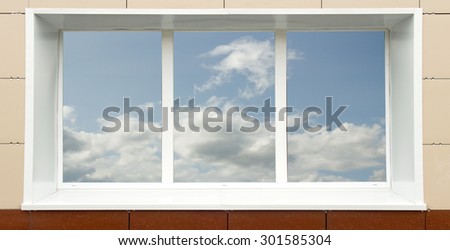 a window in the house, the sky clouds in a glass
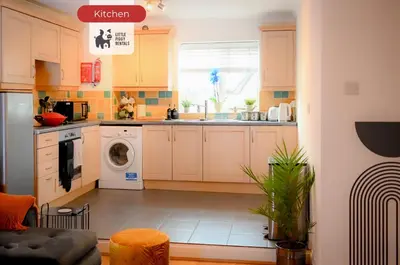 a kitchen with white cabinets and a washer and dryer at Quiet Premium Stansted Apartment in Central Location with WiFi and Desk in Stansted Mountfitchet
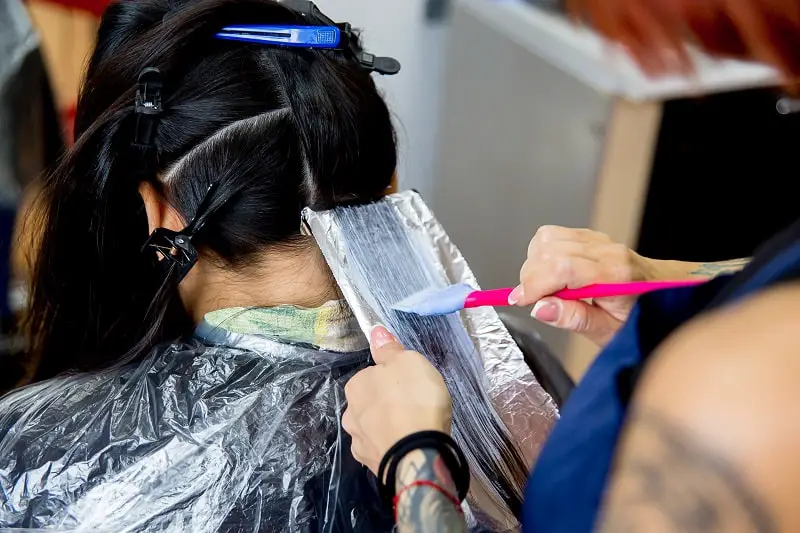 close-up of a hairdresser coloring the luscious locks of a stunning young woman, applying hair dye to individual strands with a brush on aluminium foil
======
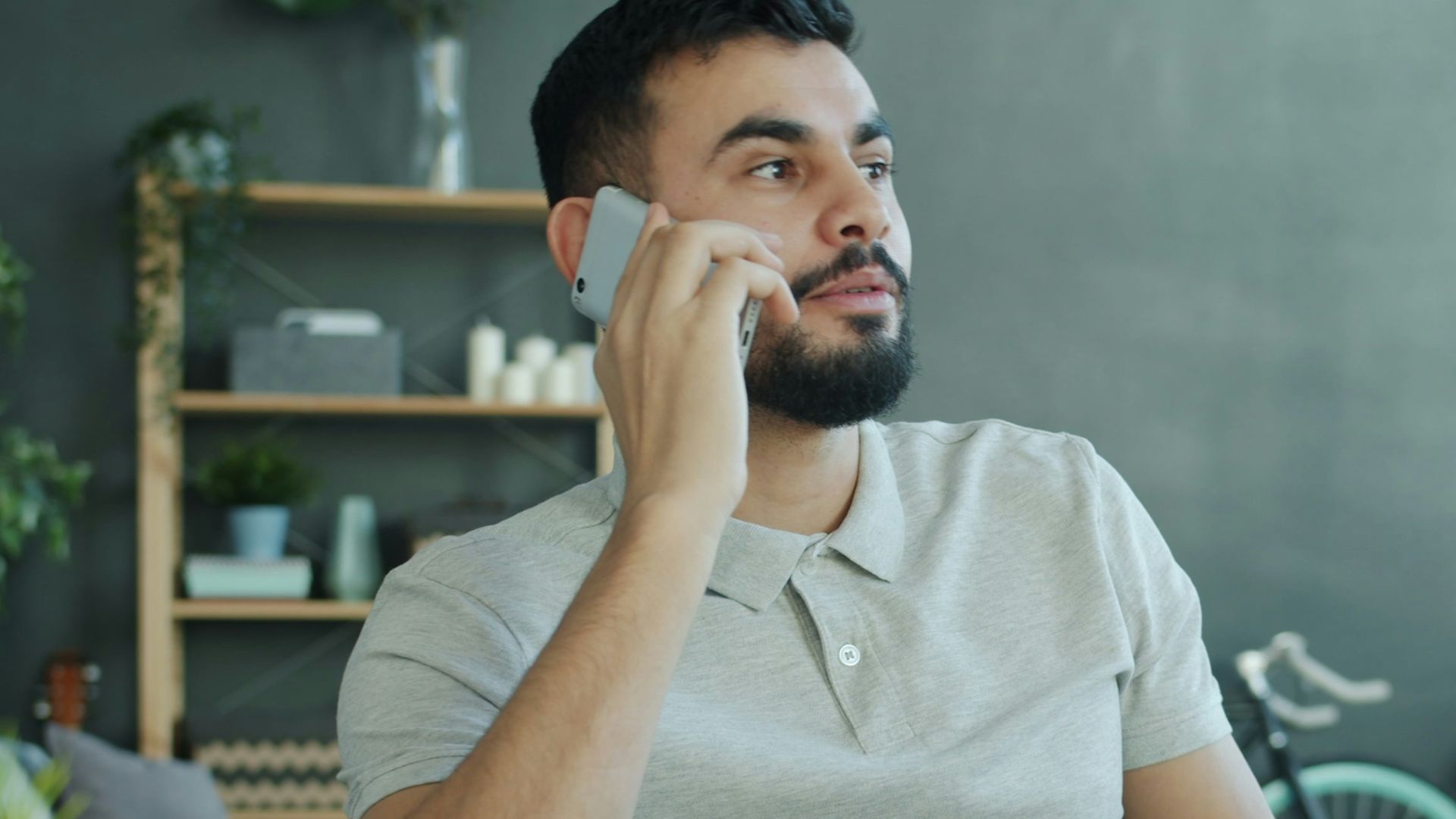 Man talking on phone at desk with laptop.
======
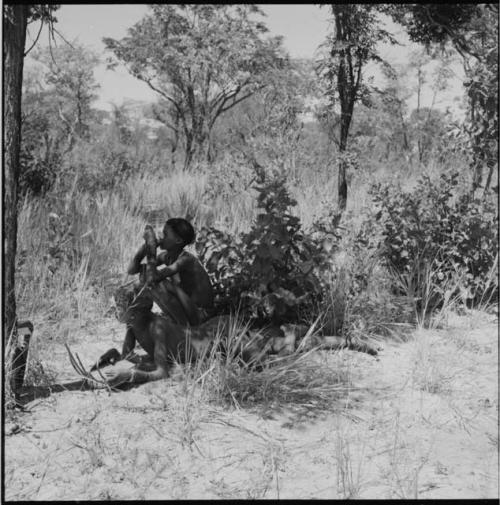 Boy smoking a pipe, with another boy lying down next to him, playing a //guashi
======
Pictures in the entries do not go into the copy. Print only the lines starting at the one containing "a kitchen with" and ending at the one containing "close-up of a", exactly as they appear.

 a kitchen with white cabinets and a washer and dryer at Quiet Premium Stansted Apartment in Central Location with WiFi and Desk in Stansted Mountfitchet
 close-up of a hairdresser coloring the luscious locks of a stunning young woman, applying hair dye to individual strands with a brush on aluminium foil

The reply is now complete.